Subito mi colpì l'intensità che traspariva dalla voce del ragazzo, allora rampollo di Peter Gabriel, e dall' unione che questa riusciva a realizzare con la musica, formando melodie piacevoli e jingles semplici ma tutt'altro che banali.
Joseph Arthur è un cantautore pop/rock moderno in termini di sensibilità artistica e di sonorità, che in questa decade ha scritto tanto e continuamente, e sempre con grande spontaneità. La nota caratterizzante della sua produzione è un romanticismo che sa essere a tratti puro e diretto, ma anche cupo e simbolico, con rimandi a significati più ampi di una ricerca di redenzione e purificazione da parte di un animo in pena.
Nel recente passato i lavori di Joseph erano caratterizzati da una forma espressiva più complessa (il che non vuole essere una nota di merito nè di demerito, scegliete voi quale “Joseph Arthur” preferite), e vedevano l'artista nativo dell'Ohio come parte di una band, cosa non usuale per un autore che è sempre stato abituato a fare musica come one-man-band o comunque da solista.
Invece, con questo disco, egli torna ad un'espressione più personale ed introspettiva, che coincide con lo stop alle collaborazioni, fatta eccezione per il batterista Jim Keltner (altro ritorno al passato, al celebre disco del 2000 che ho menzionato prima) e per l'ospite Liz Phair.
In “The Graduation Ceremony” più che mai Arthur predilige e sceglie schemi semplici, con brani a forte preminenza acustica, talvolta con ricami fatti di tastiere e archi, e un uso molto più moderato del digitale: tutto ciò nell'intento di dare forma alle sue sensazioni più sincere.
Tra rimpianti, rivendicazioni, confessioni, vagheggiamenti malinconici, ombre evanescenti allo spuntare del sole, ricordi passati, verità e menzogne, l'autore esplora la fenomenologia dei propri sentimenti.

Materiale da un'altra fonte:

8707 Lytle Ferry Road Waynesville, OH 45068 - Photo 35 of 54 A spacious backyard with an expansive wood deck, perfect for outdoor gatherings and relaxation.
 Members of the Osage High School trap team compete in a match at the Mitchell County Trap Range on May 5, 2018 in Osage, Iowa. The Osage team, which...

La sua cerimonia di laurea diventa dunque la testimonianza di un processo catartico, che egli ci fornisce con la chiusura di un percorso che abbraccia una relazione (riferita magari solo ad una fase della vita, ma valida probabilmente per le relazioni di una vita intera) e le riflessioni che essa ha portato.
Inoltre, per chi non lo sapesse, Joseph è un appassionato di un'altra forma d'arte, cioè la pittura, che riesce anche a legare alla sua produzione musicale: lui stesso dipinge la cover art delle sue produzioni, curandone ed avvalorandone così anche il packaging. (Siccome mi piace molto la cover art in generale, un aspetto dei dischi di cui spesso ci si scorda, mi sembra doveroso aggiungere questa piccola nota di merito).
Mi sembra di poter affermare che Joseph Arthur abbia dato nuovamente dimostrazione (se mai ce ne fosse bisogno, basta guardarne la discografia e la biografia) di essere un grande artista, punto.